Those days now seem to belong to a different era but the idea Varadkar pines for a united Ireland is as preposterous as it is delusional. If there has been a hardening or Irish tone, it is at least in part the consequence of how the Brexiteers have talked about Ireland. In terms of policy, however, there has been little substantive difference between Varadkar’s position and that taken by his predecessor Enda Kenny. And for good reason, because this is not simply the Fine Gael position; rather is represents a solid, and unusual, cross-party consensus that Brexit is going to be a problem for Ireland whatever kind of Brexit is arrived at.
It is not necessary to invoke the spectre of food shortages in Ireland in the event of a no-deal Brexit to appreciate that Ireland, by reason of history and economic interest, has more to lose from Brexit than any other European country. Minimising that disruption has been Varadkar’s goal and it seems unreasonable for Brexiteers, drunk on sovereignty themselves, to be complaining that Ireland has been pressing its own sovereign interest.
Even so, it has not always been easy. There has been an undercurrent of worry. Might the EU, when push came to shove, tell the Irish to pipe down and count their blessings while the big people moved on to talk about more important things? That dog has not barked and that is quite an achievement for Ireland.
As I say, however, Ireland’s efforts have been helped by the British government’s own declarations and if those were incompatible – leaving everything while avoiding a new kind of border in Ireland – then that was London’s problem more than it was Dublin’s. You broke it, you fix it.
The Irish gamble – and it is still a gamble – is that London will eventually accept the backstop if only because the consequences of a no-deal Brexit will soon be considered intolerable. That, it seems, is also the direction in which the UK government is heading.
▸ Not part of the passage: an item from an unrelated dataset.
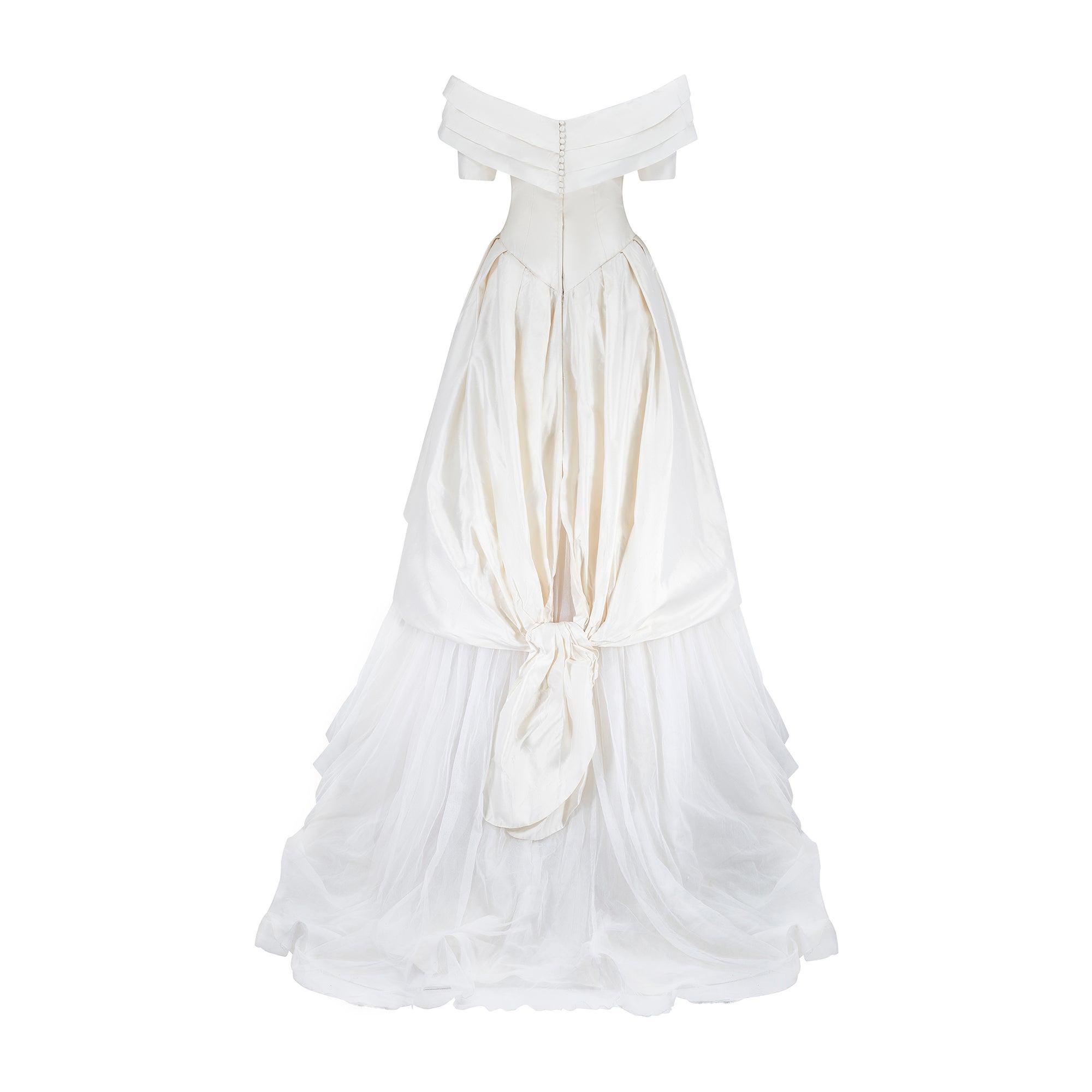 1990s Christian Dior Silk and Tulle Wedding Dress and Veil - Etsy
You publicise preparations for no deal precisely because you want to avoid no deal and this is a means by which heads may, at long last, be banged together and minds concentrated. In an interdependent age, there is no such thing as a ‘clean Brexit’.
This, plainly, is a risk for Dublin too but I am not so sure it is really deplorable for Ireland to advance its interpretation of the national interest. Sovereignty for me must mean sovereignty for thee. Those are the terms and conditions. Again, for the slow learners, Ireland is own country, possesses own interest. It is a small country, right enough, but not so very far away it’s unreasonable to expect anyone to know anything about it.